2. More Flexible API Design

This facility of variance allows the API designers more flexibility in designing libraries that handle complex type hierarchies. Also, it allows an API to work smoothly with both more specific and more general types.

• Fewer generic API overloads: When specifying variance, developers can ensure that their API works over a wider range of types without sacrificing type safety and thereby could potentially reduce overloads and improve the reusability of the code.
• Less type casting: variance removes explicit type casts in working with different levels of type hierarchies, thus making the code cleaner and easier to maintain.

3. Better Interoperability with Java

Kotlin’s variance system works well with that way of wildcard usage in Java (? extends and ? super) and therefore there is better interoperability when Kotlin code interacts with the Java libraries or legacy code.

• Seamless Interoperability: The out and in variance modifiers of Kotlin directly map to Java’s?extends and?super wild cards, thus making inter-operability between the two easier.
• Clear semantics: That the explicit use of variance makes it easier to reason about how Kotlin types interact with Java generics, thereby removing the possibility of assumptions that may lead to a wrongly concluded type error

4. Improved Reusability

Variance makes the generic types in Kotlin more reusable, so they would ensure to work across a wider set of types without the possibility of violating type safety. This is particularly useful when dealing with more complex data structures.

• Generic functions and classes: Using variance, generic functions and classes can be reused in a variety of contexts without having to define them for a certain subtype or supertype.
• Reusable Components: After they are defined, data structures like List or Function can then be used anywhere in a program, without knowing the concrete types that are going to be used.

5. Expressive Type Projections with Star Projections (*)

Star projections in Kotlin are helpful for making a declaration that some generic type can be used as any possible type parameter without needing to declare the actual type.
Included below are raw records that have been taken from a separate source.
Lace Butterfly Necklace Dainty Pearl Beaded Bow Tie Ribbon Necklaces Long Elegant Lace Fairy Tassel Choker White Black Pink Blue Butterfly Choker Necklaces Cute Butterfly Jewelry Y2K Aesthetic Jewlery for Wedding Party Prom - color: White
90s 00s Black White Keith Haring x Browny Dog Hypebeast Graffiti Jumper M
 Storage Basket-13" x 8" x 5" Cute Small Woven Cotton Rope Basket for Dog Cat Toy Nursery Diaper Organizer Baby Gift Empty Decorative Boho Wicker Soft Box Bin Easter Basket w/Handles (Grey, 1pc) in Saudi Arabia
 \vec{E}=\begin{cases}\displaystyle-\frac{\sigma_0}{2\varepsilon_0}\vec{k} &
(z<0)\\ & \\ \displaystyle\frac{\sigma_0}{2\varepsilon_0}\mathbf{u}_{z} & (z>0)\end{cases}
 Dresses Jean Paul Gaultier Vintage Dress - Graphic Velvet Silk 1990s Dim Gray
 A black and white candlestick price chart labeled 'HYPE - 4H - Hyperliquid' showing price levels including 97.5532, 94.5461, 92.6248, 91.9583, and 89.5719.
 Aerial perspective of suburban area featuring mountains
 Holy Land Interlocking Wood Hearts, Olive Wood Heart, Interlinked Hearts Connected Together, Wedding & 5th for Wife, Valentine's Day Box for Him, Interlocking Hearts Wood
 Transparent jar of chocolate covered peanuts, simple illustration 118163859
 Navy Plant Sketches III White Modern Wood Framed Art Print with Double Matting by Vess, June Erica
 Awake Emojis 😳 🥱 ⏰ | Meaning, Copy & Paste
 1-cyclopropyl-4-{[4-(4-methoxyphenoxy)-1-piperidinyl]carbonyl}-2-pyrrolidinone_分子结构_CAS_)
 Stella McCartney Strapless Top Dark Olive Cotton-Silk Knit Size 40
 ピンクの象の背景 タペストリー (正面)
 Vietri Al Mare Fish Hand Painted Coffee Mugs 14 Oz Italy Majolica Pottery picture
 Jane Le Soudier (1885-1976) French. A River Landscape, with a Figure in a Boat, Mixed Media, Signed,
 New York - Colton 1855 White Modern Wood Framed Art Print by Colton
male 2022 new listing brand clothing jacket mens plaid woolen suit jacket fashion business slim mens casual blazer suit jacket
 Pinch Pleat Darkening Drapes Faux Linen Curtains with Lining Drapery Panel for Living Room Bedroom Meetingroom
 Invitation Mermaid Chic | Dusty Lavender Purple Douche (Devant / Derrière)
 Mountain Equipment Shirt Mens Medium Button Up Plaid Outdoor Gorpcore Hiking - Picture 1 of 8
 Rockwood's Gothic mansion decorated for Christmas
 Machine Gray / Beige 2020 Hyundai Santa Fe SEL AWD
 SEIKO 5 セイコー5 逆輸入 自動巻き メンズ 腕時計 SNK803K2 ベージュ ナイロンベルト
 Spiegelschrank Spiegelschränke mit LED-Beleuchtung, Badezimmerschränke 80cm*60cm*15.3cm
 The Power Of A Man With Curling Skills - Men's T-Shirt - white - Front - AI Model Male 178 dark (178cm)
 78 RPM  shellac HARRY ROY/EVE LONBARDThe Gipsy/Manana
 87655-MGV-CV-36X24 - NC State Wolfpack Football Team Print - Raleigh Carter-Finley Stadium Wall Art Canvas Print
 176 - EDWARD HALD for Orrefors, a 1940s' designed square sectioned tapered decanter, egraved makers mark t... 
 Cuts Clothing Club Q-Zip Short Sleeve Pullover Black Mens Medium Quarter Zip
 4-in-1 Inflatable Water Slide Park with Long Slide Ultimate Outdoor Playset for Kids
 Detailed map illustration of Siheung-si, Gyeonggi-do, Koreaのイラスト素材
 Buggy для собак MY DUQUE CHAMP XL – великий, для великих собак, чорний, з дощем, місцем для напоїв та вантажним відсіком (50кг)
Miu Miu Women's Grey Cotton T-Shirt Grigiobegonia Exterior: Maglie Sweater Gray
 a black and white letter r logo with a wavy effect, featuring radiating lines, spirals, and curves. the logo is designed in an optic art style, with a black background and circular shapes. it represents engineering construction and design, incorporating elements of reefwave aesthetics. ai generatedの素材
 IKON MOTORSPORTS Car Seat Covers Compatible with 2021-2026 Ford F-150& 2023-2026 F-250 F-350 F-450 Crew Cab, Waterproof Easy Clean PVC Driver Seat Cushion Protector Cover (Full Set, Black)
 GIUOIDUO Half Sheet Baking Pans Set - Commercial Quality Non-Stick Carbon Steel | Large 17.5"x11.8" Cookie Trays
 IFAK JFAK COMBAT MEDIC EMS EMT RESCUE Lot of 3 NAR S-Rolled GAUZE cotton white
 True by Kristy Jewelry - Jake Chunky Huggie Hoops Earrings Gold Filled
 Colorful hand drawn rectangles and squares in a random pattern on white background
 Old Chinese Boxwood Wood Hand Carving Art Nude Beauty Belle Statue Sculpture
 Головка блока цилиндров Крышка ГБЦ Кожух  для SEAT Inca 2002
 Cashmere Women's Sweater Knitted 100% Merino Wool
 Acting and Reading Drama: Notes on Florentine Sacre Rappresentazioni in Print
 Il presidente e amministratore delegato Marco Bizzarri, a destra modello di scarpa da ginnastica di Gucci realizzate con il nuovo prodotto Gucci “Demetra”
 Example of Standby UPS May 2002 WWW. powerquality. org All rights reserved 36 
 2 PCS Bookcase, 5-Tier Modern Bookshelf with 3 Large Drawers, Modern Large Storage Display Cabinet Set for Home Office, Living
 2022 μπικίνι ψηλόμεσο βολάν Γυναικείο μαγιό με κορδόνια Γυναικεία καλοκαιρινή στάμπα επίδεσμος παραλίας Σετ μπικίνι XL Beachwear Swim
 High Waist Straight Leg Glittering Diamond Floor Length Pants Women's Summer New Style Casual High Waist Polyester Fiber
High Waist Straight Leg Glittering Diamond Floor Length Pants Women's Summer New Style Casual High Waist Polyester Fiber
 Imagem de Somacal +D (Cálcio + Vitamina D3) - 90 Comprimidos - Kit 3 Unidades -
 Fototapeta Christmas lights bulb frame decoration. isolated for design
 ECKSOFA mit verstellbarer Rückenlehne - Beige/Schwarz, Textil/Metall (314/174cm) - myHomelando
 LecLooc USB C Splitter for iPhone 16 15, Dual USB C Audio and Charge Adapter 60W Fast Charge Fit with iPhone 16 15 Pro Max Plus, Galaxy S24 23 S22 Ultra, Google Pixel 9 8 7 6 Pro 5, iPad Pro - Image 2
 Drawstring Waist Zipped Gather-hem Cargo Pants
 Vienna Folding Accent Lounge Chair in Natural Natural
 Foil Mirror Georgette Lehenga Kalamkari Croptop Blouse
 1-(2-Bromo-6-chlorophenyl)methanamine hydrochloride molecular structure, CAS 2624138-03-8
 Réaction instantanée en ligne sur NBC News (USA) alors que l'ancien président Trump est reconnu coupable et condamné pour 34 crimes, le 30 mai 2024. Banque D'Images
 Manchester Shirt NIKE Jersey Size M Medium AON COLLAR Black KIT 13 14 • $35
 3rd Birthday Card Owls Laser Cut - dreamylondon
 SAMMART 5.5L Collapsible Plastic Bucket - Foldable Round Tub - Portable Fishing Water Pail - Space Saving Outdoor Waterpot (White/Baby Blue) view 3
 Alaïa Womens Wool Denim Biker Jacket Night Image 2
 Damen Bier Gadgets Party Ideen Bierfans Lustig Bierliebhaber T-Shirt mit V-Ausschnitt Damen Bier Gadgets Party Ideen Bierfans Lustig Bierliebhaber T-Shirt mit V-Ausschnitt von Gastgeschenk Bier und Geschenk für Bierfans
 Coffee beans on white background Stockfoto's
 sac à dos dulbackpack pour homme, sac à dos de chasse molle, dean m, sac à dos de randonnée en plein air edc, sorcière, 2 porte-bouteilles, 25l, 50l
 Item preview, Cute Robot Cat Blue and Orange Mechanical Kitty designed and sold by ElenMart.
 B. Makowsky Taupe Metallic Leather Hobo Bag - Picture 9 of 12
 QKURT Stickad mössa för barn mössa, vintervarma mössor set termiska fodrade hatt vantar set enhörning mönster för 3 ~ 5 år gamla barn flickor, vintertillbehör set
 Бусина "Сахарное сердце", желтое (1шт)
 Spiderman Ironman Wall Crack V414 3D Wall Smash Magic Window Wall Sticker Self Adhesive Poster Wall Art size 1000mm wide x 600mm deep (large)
This is helpful for making the code flexible and for dealing with unknown types.

• Unknown Types: When you do not need to know the actual type parameter, you may use star projections to handle the generic types without explicitly specifying the type that saves boiler plate code most of the time.
• General-purpose APIs: Star projections enable the construction of APIs that will work with types whose parameters are not known or are not relevant to the operation being performed, which can make an API more versatile.

6. Safe Covariant Collections

The use of Kotlin’s out variance modifier enables collections to be safely covariant. So a List can be used wherever a List is expected provided the list is used only to read values.

• Type-safe collections: The out modifier assures collections or data structures, which have been allocated for read-only purposes, are used without errors in a type-safe manner; hence, less error-prone and more flexible code is produced.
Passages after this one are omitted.